Figure 6. Impaired inflammasome activity triggers hemorrhagic phenotype observed in LXR DKO.

(A) Heatmap of Nlrp3, Txnip, Pycard (Asc), Il1b, and Casp1 using 40 h post-PMSG dataset. (B) Nlrp3, Pycard (Asc), and Il1b expression analysis by RT-qPCR in wild type n = 17, LXR DKO n = 16, and TG-AMH-Lxrβ n = 15 mouse ovaries. (C) TXNIP, NLRP3, ASC, IL1B protein accumulation in wild type, LXR DKO, and TG-AMH-Lxrβ mouse ovaries. ACTIN was used as a loading control. (D) Correlation plots between NLRP3, ASC, and IL1B using RT-qPCR data from in wild type, LXR DKO, and TG-AMH-Lxrβ mouse ovaries. (E) Protocol for hormonal stimulation as described Fig. 1A with n = 19 or without MCC950 n = 20 co-treatment, an inflammasome inhibitor. MCC950 was injected every 24 h, by four injections starting 24 h prior first PMSG injection (7.5 UI) until hCG final injection (5IU). Hemorrhagic cysts have been quantify comparing DMSO, as a control, and MCC950 treatment. (F) HE-staining (left panel) and IL1B immunodetection (right panel) were performed using LXR DKO ovary (Scale bar = 1 mm). Magnification indicated IL1B staining, using fire scale, and nucleus in green. Strong staining has been observed (white arrows, white asterisk) both surrounding immune cells (ROI 1) as well as cystic follicle in the antrum (ROI 3) compared to mural granulosa cells of non-cystic follicle (ROI 2) (Scale bar = 100 µm. In (B), boxes extend from the 25th to 75th percentile, the middle line shows the median, whiskers extend to the most extreme data. In (E), averages values ± SD are represented. Significance determined in (B) and (E), by Mann and Whitney test. *P < 0.05, **P < 0.01 (exact P values for these statistical comparisons are shown in Appendix Table S1). Source data are available online for this figure.

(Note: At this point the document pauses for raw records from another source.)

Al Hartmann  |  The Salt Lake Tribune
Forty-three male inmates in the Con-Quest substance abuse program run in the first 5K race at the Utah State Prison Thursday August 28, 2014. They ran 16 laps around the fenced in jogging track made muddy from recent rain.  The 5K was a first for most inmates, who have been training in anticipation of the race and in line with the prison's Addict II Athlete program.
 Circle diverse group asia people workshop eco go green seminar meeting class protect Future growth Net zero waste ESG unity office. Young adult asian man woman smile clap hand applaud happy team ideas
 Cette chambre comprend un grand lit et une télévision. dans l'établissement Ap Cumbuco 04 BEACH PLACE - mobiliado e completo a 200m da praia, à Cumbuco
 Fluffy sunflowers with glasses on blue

Figure 7. Inflammatory signature in cumulus oophorus reveals an immune infiltration both in human and mouse models in a context of PCOS.

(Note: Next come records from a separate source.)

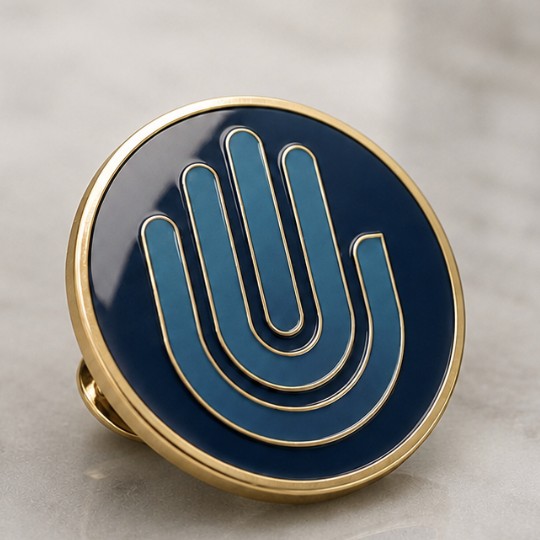 The First Backers' pin — concept render: the raised hand in teal on navy enamel, gold rim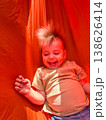 Smiling toddler on bright orange playground slide 138626414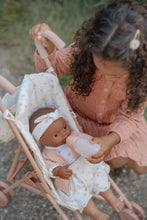 Load image into Gallery viewer, Child playing with a doll in a stroller outdoors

(A) Granulosa cells were collected after COC hyaluronidase treatment and process for subsequent RNAseq library and sequencing. (B) GSEA comparisons of human cohort PCOS versus Control as well as mouse models, LXR DKO versus wild type and LXR DKO versus TG-AMH-Lxrβ. Categories are red indicated upregulated and is blue downregulated pathways. Bold pathway is associated with immune signature. (C) Venn diagram comparing common leading-edge lists of genes between human and mouse datasets, this analysis leads to identify 96 DEGs that composed the HPS signature. (D) Heatmap corresponding to the HPS signature. (E) HPS signature significance calculation using GSVA between human cohort PCOS n = 5 versus Control n = 11 samples. (F) Gene ontology analysis using Cluster Profiler obtained from human cohort PCOS versus Control regarding the HPS signature. (G) Human adult ovary single-cell RNAseq analysis. CXCR4, PTRC, ITGB2, CYBB, PIK3R5, TNFRSF1B, FPR1, IL18RAP, and HCLS1 are plotted using tSNE clustering. Immune cell clusters have been indicated using red dashed lines. (H) CD45 immunodetection of immune cells in the cumulus-oocyte complex from wild type, LXR DKO, and TG-AMH-Lxrβ (white arrows, scale bar = 100 µm). (I) HPS signature analysis on single cell cluster of immune cells in a murine model of PCOS (Luo et al, 2024). In (E) and (I), average values ± SD are represented. Significance determined in (E), by Mann and Whitney test. *P < 0.05, ***P < 0.001, ****P < 0.0001 (exact P values for these statistical comparisons are shown in Appendix Table S1).  Source data are available online for this figure.